Haaretz'in haberine göre, polis müfettişleri "olay yerine gelen ve oradaki teröristlere ateş açan bir İsrail ordusu savaş helikopterinin bazı festival katılımcılarını da vurduğu" sonucuna vardı.
İsrail ordusu tarafından yayınlanan bir videoda, Apaçi helikopterlerinin, muhtemelen rehineleri Gazze'ye geri kaçırmaya çalışan Hamas savaşçılarını içerdikleri varsayımıyla, bölgeden ayrılan arabalara rastgele füzeler ateşlediği gösteriliyor.
Ynet haber sitesi, İsrail Hava Kuvvetleri'nin Nova festivalinin üzerindeki gökyüzünde iki düzine saldırı helikopteri hakkında yaptığı bir değerlendirmeye atıfta bulundu: "Teröristler ile [İsrailli] askerler veya siviller arasında ayrım yapmak çok zordu." Bununla birlikte, pilotlara Gazze ile "tel örgü alanında gördükleri her şeye ateş etmeleri" talimatı verildi.
Çıkış, "Sadece belirli bir noktada pilotlar saldırılarını yavaşlatmaya ve hedefleri dikkatlice seçmeye başladı" dedi.
Bir başka İsrail yayını olan Mako, "hayati kararların alınmasına yardımcı olacak neredeyse hiçbir istihbarat bulunmadığını" belirtti ve pilotların "dakikalar içinde 'helikopterin mühimmatını' boşalttığını, yeniden silahlanmak için uçtuğunu" ekledi.

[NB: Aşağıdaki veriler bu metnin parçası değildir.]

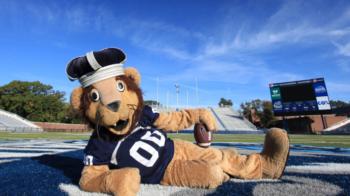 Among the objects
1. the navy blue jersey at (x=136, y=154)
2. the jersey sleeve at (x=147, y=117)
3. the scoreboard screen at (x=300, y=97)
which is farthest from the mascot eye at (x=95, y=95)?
the scoreboard screen at (x=300, y=97)

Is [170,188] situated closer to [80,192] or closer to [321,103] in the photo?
[80,192]

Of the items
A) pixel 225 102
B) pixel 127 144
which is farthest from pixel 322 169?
pixel 225 102

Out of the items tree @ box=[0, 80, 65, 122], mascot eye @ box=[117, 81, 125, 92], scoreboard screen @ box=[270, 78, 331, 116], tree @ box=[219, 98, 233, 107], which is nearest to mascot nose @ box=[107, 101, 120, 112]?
mascot eye @ box=[117, 81, 125, 92]

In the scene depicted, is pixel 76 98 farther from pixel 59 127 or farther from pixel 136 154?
pixel 59 127

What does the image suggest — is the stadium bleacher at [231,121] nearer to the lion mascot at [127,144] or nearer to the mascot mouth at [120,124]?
the lion mascot at [127,144]

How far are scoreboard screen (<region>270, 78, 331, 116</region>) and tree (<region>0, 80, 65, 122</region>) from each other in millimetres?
26395

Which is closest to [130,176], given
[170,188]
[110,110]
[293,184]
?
[170,188]

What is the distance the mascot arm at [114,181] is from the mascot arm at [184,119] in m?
0.53

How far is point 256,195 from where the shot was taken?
1071mm

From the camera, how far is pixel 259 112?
A: 3453cm

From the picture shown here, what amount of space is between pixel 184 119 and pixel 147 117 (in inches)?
9.7

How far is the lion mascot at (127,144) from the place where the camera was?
134cm

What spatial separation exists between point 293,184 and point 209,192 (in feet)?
1.43

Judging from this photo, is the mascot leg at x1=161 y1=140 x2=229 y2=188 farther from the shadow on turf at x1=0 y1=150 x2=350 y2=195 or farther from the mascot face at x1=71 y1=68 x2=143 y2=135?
the mascot face at x1=71 y1=68 x2=143 y2=135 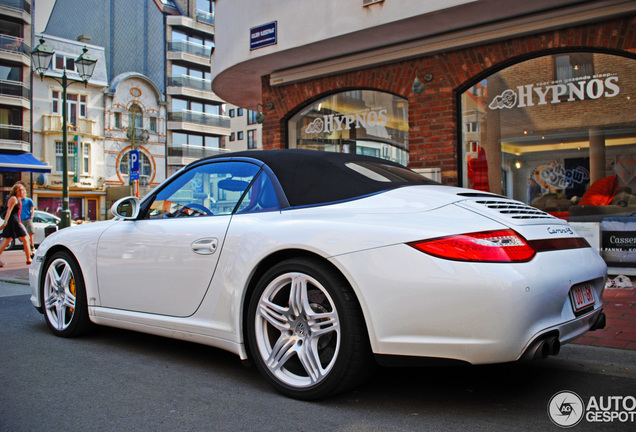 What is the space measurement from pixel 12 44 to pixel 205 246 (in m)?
42.0

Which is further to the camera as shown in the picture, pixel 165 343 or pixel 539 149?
pixel 539 149

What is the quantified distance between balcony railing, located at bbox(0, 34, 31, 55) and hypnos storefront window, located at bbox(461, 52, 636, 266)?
3922cm

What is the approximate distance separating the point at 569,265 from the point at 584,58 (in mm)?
5309

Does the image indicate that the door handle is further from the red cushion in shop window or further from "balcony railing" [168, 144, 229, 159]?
"balcony railing" [168, 144, 229, 159]

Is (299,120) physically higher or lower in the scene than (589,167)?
higher

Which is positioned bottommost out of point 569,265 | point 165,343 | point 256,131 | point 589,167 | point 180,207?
point 165,343

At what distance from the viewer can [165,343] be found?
4.25 m

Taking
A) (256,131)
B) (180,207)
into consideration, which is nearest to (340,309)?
(180,207)

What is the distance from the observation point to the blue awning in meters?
35.7

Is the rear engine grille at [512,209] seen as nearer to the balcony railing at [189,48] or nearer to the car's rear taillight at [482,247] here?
the car's rear taillight at [482,247]

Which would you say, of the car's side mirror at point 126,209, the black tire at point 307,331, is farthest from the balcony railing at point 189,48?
the black tire at point 307,331

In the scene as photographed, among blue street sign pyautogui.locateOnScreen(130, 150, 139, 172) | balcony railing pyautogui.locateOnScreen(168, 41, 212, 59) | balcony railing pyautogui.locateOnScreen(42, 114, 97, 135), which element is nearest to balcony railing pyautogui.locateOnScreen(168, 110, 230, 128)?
balcony railing pyautogui.locateOnScreen(168, 41, 212, 59)

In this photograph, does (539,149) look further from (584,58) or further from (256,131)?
(256,131)

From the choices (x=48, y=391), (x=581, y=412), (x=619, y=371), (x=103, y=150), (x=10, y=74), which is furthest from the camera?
(x=103, y=150) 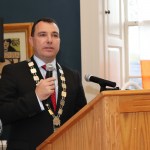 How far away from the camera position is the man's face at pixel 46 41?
1.98 m

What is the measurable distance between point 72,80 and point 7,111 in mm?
498

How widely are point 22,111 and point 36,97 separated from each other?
115mm

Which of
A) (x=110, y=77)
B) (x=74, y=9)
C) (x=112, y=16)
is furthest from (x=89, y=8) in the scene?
(x=110, y=77)

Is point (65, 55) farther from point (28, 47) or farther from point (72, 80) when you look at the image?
point (72, 80)

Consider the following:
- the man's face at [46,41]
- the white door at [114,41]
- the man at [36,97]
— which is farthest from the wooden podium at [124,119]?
the white door at [114,41]

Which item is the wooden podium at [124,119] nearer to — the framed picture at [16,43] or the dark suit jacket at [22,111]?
the dark suit jacket at [22,111]

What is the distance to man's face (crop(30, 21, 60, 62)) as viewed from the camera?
198 centimetres

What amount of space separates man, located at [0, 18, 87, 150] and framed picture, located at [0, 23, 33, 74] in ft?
2.99

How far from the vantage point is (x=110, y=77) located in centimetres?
295

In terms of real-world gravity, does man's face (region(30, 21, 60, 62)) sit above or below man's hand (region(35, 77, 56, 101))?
Result: above

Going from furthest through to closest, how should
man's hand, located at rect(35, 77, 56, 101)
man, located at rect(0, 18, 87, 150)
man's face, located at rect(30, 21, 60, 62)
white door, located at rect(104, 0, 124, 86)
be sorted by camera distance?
white door, located at rect(104, 0, 124, 86) < man's face, located at rect(30, 21, 60, 62) < man, located at rect(0, 18, 87, 150) < man's hand, located at rect(35, 77, 56, 101)

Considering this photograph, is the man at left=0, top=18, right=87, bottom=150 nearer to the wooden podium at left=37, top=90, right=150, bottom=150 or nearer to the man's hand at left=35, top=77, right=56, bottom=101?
the man's hand at left=35, top=77, right=56, bottom=101

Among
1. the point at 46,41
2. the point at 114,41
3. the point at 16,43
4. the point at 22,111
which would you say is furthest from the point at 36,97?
the point at 114,41

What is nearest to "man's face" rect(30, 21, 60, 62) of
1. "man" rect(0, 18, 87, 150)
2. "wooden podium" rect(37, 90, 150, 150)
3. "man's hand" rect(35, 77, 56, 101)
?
"man" rect(0, 18, 87, 150) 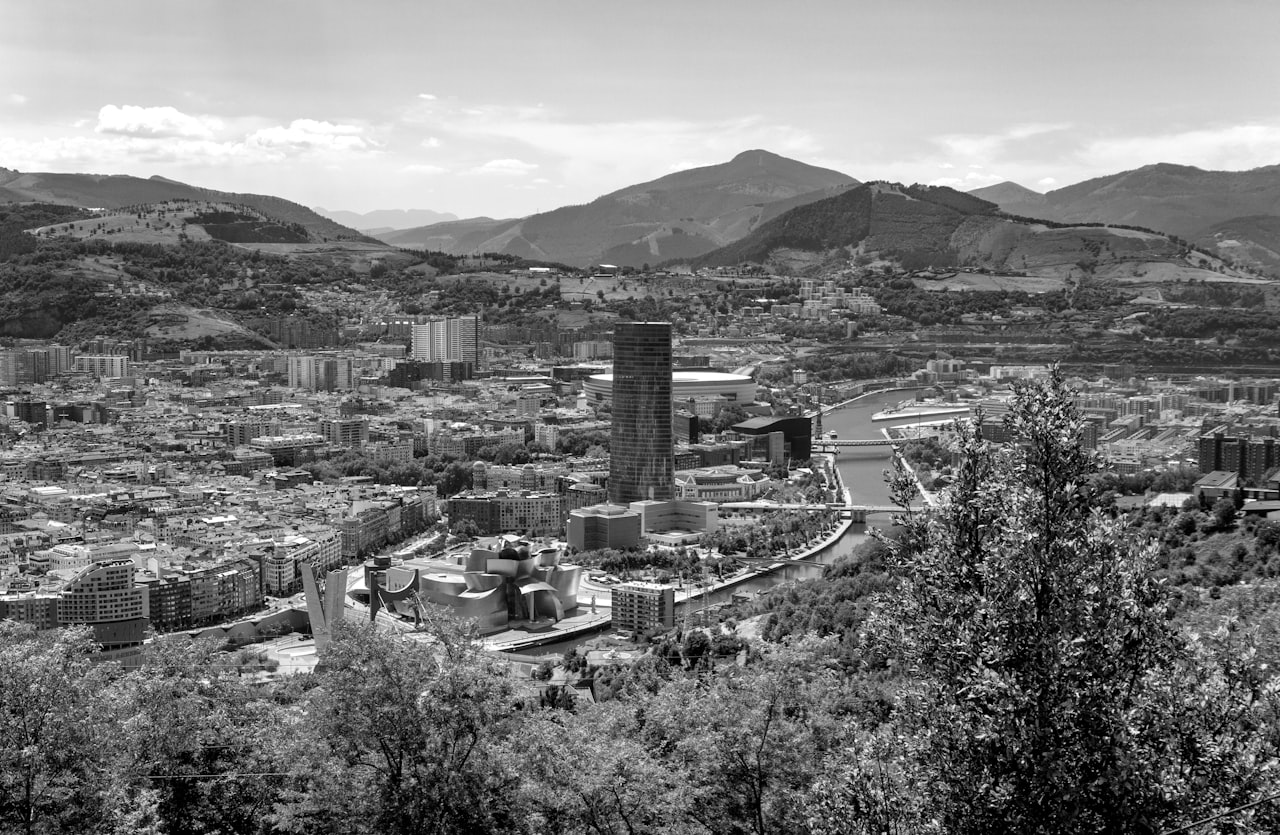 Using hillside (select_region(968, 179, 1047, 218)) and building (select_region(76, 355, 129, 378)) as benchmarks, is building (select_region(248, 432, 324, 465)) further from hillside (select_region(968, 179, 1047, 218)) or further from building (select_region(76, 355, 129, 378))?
hillside (select_region(968, 179, 1047, 218))

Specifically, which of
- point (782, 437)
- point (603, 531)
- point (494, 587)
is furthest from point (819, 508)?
point (494, 587)

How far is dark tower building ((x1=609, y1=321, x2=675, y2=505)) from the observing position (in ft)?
61.7

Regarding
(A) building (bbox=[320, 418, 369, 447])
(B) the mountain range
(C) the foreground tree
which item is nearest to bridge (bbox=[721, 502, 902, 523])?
(A) building (bbox=[320, 418, 369, 447])

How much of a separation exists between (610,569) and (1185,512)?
6.32 meters

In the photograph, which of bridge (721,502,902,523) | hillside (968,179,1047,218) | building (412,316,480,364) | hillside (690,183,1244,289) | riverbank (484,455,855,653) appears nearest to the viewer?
riverbank (484,455,855,653)

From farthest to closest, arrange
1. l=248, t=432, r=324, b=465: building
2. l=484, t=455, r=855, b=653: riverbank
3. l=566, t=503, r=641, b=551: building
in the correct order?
l=248, t=432, r=324, b=465: building < l=566, t=503, r=641, b=551: building < l=484, t=455, r=855, b=653: riverbank

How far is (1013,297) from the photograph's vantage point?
128 feet

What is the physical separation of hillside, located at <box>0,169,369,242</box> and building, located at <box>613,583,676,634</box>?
53679 millimetres

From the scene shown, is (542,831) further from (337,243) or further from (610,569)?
(337,243)

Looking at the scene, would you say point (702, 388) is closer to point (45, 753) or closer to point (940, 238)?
point (45, 753)

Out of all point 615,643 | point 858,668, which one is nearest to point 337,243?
point 615,643

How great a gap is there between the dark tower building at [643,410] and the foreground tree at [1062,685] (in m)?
16.2

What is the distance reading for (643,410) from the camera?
1891 centimetres

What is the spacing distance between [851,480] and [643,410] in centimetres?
532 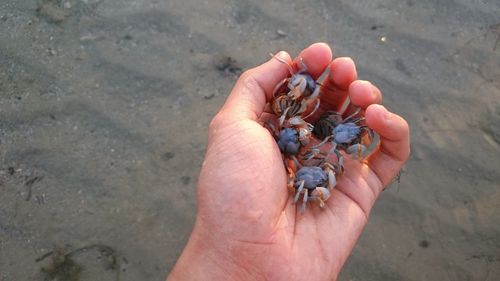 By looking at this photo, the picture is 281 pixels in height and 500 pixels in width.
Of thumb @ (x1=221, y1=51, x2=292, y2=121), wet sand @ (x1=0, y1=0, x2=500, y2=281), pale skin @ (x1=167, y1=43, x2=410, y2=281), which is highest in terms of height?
thumb @ (x1=221, y1=51, x2=292, y2=121)

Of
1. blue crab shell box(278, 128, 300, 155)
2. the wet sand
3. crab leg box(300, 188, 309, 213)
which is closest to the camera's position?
crab leg box(300, 188, 309, 213)

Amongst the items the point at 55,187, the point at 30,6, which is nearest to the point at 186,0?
the point at 30,6

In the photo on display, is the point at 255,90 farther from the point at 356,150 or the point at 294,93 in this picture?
the point at 356,150

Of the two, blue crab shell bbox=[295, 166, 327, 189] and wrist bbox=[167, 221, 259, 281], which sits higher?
blue crab shell bbox=[295, 166, 327, 189]

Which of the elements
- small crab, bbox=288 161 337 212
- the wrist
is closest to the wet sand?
the wrist

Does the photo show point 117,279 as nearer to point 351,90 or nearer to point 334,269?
point 334,269

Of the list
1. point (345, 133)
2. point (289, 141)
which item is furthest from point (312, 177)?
point (345, 133)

Başka bir Mako raporunda, bir Apaçi biriminin komutanının şunları söylediği aktarılıyor: "Bölgemizdeki insanlara ateş etmek – bu asla yapacağımı düşünmediğim bir şeydi." Başka bir pilot saldırıyı hatırladı: "Kendimi neye ateş edeceğim konusunda bir ikilemde buldum."
Mezara giden sırlar
Oldukça sıra dışı bir şekilde, harap olmuş evlerin, yanmış ve buruşmuş arabaların yıkımını bildirirken, muhabirler açık görsel kanıtları tamamen görmezden geldiler ve resmi İsrail anlatısını güçlendirdiler.
Kimsenin sormadığı ve hiçbir cevabın gelmesi muhtemel olmayan pek çok bariz soru var.
Hamas, savaşçılarının kendi videolarında çoğunlukla hafif silahlar taşıdıklarını gösterirken, nasıl bu kadar geniş çaplı ve yoğun bir yıkıma yol açtı?
RPG'leri taşıyanlar, festivalden kaçan yüzlerce hızlı hareket eden aracı doğru bir şekilde takip edip vurabiliyor muydu ve bunu yer seviyesinden yapabiliyor muydu?
Hamas'ın vücut kameralarından alınan video görüntüleri, içinde hem silahlı adamlar hem de rehineler bulunan arabaların Nova festivalinden ayrıldığını gösteriyor. Hamas neden kendi halkını yakma riskini alsın ki?
Hamas'ın zaferlerini filme alma hevesi göz önüne alındığında, neden bu tür eylemlerin görüntüleri yok? Ve neden en değerli mühimmatını İsrail askeri üslerine saldırmak gibi çok daha zor bir görev için saklamak yerine arabalara rastgele saldırılar için harcasın?
İsrail, yanmış arabaları ve harap olmuş evleri araştırmakla ilgilenmiyor gibi görünüyor, çünkü muhtemelen cevapları zaten biliyor ve başkalarının da bir gün gerçeği öğrenebileceğinden korkuyor.
Dini örgütler, ölülerin kutsallığını korumak için arabaların aceleyle gömülmesini talep ettiğinden, metal iskeletler sırlarını mezara götürecek.
Grotesk masallar
Giderek artan bu kanıtlardan ve görsel ipuçlarından kesin olan şey, 7 Ekim'de çok sayıda İsrailli sivilin ya İsrail ile Hamas arasındaki silahlı çatışmaların çapraz ateşinde ya da İsrail'in Hamas savaşçılarının Gazze'ye dönmesini ve rehineleri yanlarında götürmesini engellemek için verdiği talimatlarla öldürüldüğüdür.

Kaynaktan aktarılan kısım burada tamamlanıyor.